Problem to work on
The whole listing below needs to be retyped without a single change.

Data block

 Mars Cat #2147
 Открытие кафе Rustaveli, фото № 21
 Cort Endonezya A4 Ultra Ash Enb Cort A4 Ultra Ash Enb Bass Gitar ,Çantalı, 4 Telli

Worked solution
 Mars Cat #2147
 Открытие кафе Rustaveli, фото № 21
 Cort Endonezya A4 Ultra Ash Enb Cort A4 Ultra Ash Enb Bass Gitar ,Çantalı, 4 Telli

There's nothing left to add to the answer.